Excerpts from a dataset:
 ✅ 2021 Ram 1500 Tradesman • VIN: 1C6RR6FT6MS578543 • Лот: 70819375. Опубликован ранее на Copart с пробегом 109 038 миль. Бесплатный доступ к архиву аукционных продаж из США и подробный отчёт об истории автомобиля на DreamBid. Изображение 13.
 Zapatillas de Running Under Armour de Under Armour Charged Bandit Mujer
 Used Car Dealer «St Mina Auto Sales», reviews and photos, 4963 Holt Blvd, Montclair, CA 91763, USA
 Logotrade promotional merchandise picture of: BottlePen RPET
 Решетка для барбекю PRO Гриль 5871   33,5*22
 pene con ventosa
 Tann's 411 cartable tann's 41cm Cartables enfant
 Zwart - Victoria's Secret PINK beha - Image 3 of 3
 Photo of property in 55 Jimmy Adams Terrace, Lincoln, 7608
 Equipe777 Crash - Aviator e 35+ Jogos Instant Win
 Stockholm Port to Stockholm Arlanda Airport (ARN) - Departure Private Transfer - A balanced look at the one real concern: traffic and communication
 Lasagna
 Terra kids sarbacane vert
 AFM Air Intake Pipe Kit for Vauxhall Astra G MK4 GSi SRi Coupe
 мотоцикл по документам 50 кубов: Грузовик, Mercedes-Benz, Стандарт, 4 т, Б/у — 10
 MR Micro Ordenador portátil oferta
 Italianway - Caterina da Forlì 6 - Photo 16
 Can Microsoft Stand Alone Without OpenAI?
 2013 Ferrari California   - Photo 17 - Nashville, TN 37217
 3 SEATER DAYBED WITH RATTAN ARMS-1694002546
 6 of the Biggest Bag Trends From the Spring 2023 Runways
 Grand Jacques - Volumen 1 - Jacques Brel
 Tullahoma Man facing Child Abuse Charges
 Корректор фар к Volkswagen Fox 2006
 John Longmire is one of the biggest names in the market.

Activity: Set down only these lines, exactly: the one containing "мотоцикл по документам" and each line after it through the end of the entries above.

Task result:
 мотоцикл по документам 50 кубов: Грузовик, Mercedes-Benz, Стандарт, 4 т, Б/у — 10
 MR Micro Ordenador portátil oferta
 Italianway - Caterina da Forlì 6 - Photo 16
 Can Microsoft Stand Alone Without OpenAI?
 2013 Ferrari California   - Photo 17 - Nashville, TN 37217
 3 SEATER DAYBED WITH RATTAN ARMS-1694002546
 6 of the Biggest Bag Trends From the Spring 2023 Runways
 Grand Jacques - Volumen 1 - Jacques Brel
 Tullahoma Man facing Child Abuse Charges
 Корректор фар к Volkswagen Fox 2006
 John Longmire is one of the biggest names in the market.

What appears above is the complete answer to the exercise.